A liquidity pool is a collection of funds locked behind a smart contract. These pools are the backbone of many decentralized exchanges (DEXs). Users provide liquidity, depositing an equal value of two crypto currencies in a pool to create a market. In exchange for providing their funds, the user earns trading fees from the trades that happen in the pool, proportionally to their ownership share of the pool. As anyone can be a liquidity provider, AMMs (Automated Market Makers) have made market making more accessible. One of the first protocols to use liquidity pools was Bancor, but the concept gained popularity with Uniswap, Sushi Swap, and Curve.

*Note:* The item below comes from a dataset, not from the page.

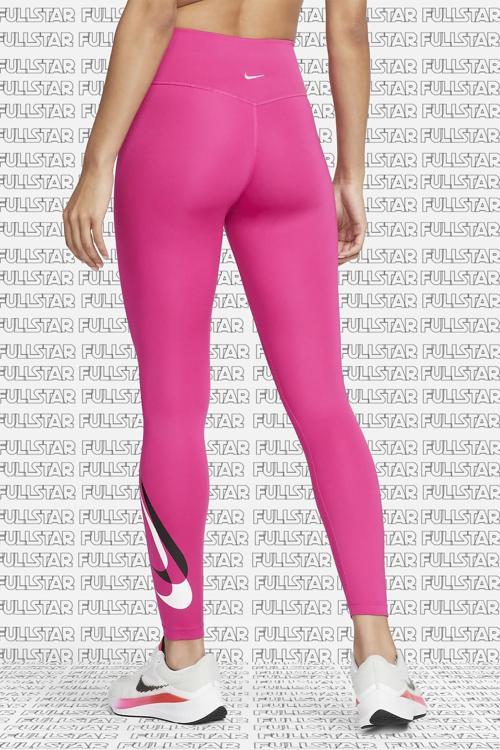 One Dri Fit Big Double Swoosh Leggings 7/8 Toparlayıcı 2 İç Cepli Pembe Tayt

They are a significant innovation that allows for on-chain trading without the need for an order book. As no direct counterparty is needed to execute trades, traders can get in and out of positions on token pairs that likely would be highly illiquid on order book exchanges. You can think of an order book exchange as peer-to-peer, where buyers and sellers are connected by the order book. An example of this can be seen in Muesliswap. Whereas when using an AMM, your order doesn't need to be matched with another user making an order. Users can swap between currencies at wil; and the liquidity pool manages the price.

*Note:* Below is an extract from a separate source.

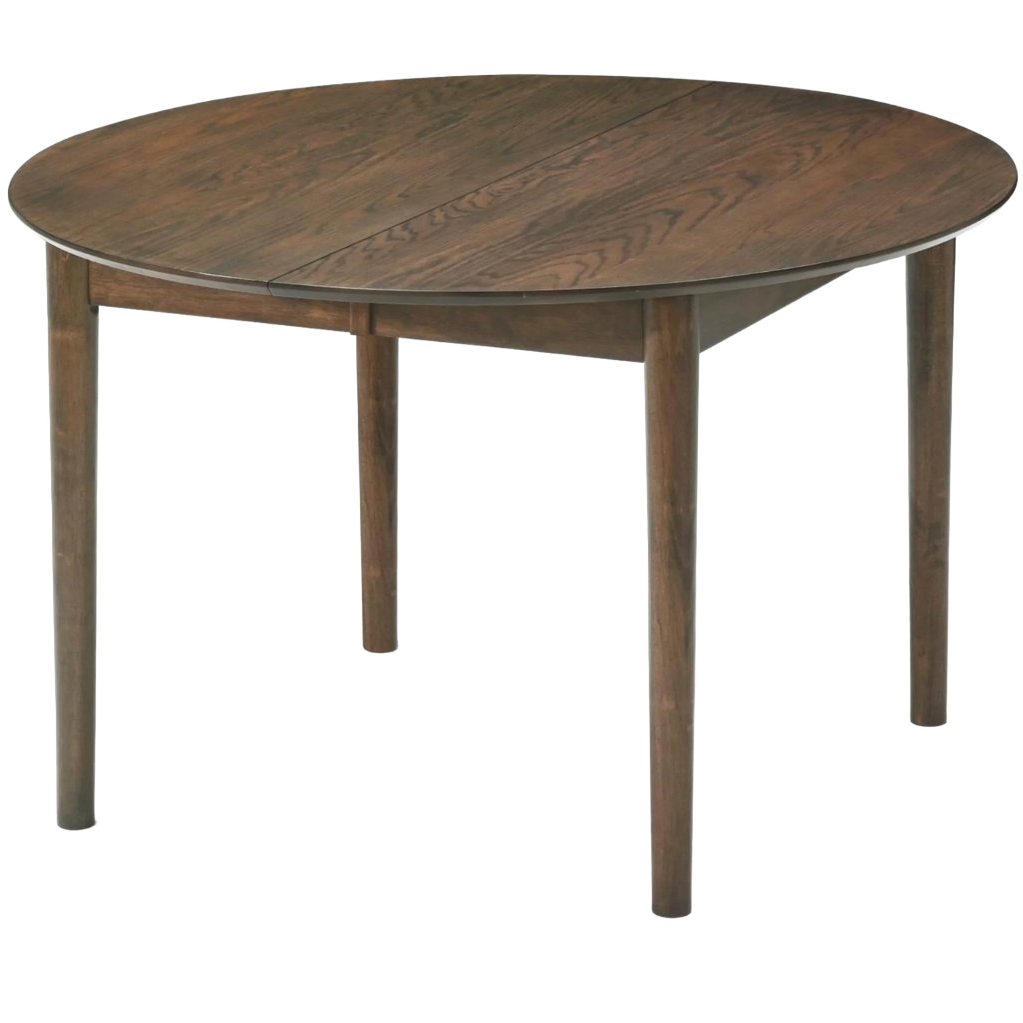 Maggie Round Dining Table In Smoked Oak Veneer With 120/160/200 Cm Extension - Includes 2 Extra Leaves. image 1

Essentially, liquidity pools are a way for users of crypto currencies to supply funds, so that services can be run on the blockchain. These services can vary, and theoretically with enough creativity, should be able to encompass the entire financial industry. For the purpose of our discussion, we will be focusing on liquidity pools used for exchanging between tokens (Swaps). To run an exchange, funds are required for users to swap between. As is the case in classical finance, when an exchange takes place at the bank, the bank takes a fee for facilitating that exchange. Similarly, when a user exchanges using a liquidity pool, the liquidity providers are paid a fee for allowing the exchange. It takes time for these fee’s to accrue, and due to risk held while waiting for these to be earnt (principally impermanent risk), platforms offer rewards for users in exchange for providing liquidity. This is called liquidity mining.

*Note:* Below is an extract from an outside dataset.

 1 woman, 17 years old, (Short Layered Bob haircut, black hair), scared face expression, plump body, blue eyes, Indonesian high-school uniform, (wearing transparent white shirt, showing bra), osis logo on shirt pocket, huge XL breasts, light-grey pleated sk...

Liquidity Mining To create a better trading experience, various protocols offer even more incentives for users to provide liquidity by providing more rewards for particular “incentive” pools. In return for supplying these pools, the users are rewarded with the token of the particular protocol they are supplying. There are many different DeFi markets, platforms, and incentivized pools that allow you to earn rewards for providing and mining liquidity. So how do I liquidity mine? It is very simple! All you need to do is supply liquidity to a smart contract. In return, you will receive an LP token (This stands for liquidity pool token, and represents your ownership share of the entire liquidity pool). You then stake this LP token, and there you have it! You are liquidity mining.
Swapping and Liquidity Pools are the core fundamentals of DeFi. Token Swaps are a method of trading tokens on the Cardano Network using an AMM (Automated Market Maker) and Liquidity Pools. Swapping is the act of instantly trading tokens for tokens. The following explanation is for AMM DExes, not Order Book DExes. In order to swap, we first need Liquidity. This is done by users providing both sides of the pair to the platform. The user is incentivized via a share of the fees. When a swap occurs, the AMM will perform the sale to the system. The user is effectively buying from, or selling to, the decentralized liquidity pool.